In fact, the ethnodrama itself strongly suggests in some places countertrends among crack users, even though in other places it asserts that there is no way to stop. The composite speaker obviously wants to shock his audience, but he also wants to warn them against making his mistakes and to shore up his own resolve to survive and move forward. He is not a coldly calculating, hardened criminal, the kind of person referred to on the street as a "New Jack." On the contrary, he is a man with a conscience who appears to regret what he has done to himself and also the degradation of women and children in which he seems to share some complicity.
His conscience is evident in the way his tales alternate between horror and humor. Yes, there is considerable, intentional humor in this deeply troubling piece. Henri Bergson maintained that the prototype of all comedy is a person walking blithely forward and slipping on a banana peel: reflexive behavior tripped up by a world of contingency that cannot be negotiated reflexively. Crack produces an extreme form of reflexive, compulsive behavior that trips up individuals and entire communities in the most abrupt fashion. This speaker understands this about himself and others like him, yet he still does not know if he can find a way out of this paradoxical situation of self-awareness and ongoing compulsion.
Nor is he unique in his awareness that he has a problem and needs help. I keep a list of local drug programs in my office because I get periodic calls from people I have studied asking for help. The programs are so oversubscribed that the waiting period is usually about six weeks. By that time, it is too late. The urge to reform has been forgotten and an opportunity lost. Lots of crack users want help in between their binges. Treatment on demand could make a difference.
Indeed, the strong weight of opinion among drug experts, including many police officials, is that more resources are desperately needed for prevention and treatment. Yet national priorities have consistently favored law enforcement and incarceration. The drug policy priorities of the Clinton administration remain unclear at this stage. On the one hand, the first budget dealing specifically with drugs largely continues the past emphasis on enforcement. Little has been said about expanding resources for prevention. On the other hand, the possibility that drug treatment might be included in universal health care coverage offers the possibility of a shift toward providing treatment on demand.
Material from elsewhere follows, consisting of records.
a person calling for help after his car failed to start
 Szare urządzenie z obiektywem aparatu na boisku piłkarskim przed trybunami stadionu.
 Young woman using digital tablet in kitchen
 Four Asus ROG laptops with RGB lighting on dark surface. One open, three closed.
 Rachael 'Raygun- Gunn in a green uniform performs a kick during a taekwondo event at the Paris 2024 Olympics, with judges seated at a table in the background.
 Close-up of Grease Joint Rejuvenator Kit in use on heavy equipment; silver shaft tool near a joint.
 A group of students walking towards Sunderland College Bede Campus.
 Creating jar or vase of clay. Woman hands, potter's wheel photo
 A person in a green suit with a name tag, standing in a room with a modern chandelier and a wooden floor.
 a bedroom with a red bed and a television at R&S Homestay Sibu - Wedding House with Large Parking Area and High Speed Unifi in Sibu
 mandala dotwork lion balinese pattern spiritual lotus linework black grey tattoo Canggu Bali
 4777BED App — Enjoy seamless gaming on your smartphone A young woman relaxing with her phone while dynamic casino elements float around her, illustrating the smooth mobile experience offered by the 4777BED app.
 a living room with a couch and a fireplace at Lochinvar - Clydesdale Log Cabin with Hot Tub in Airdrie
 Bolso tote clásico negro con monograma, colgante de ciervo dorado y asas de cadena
More voices like the composite speaker's need to be heard, but they also need to be presented with more attention to the limits of data and the way each new piece of knowledge fits together with what is already known. National drug policy has been based on hysterical reactions to worst-case scenarios since the 1930s when Harry Anslinger, the first commissioner of the Federal Bureau of Narcotics, and other moral entrepreneurs, such as the makers of the film "Reefer Madness," influenced policy through scare tactics. This ethnodrama is not a deliberately contrived distortion like "Reefer Madness," but its sensationalism risks concealing its more important messages.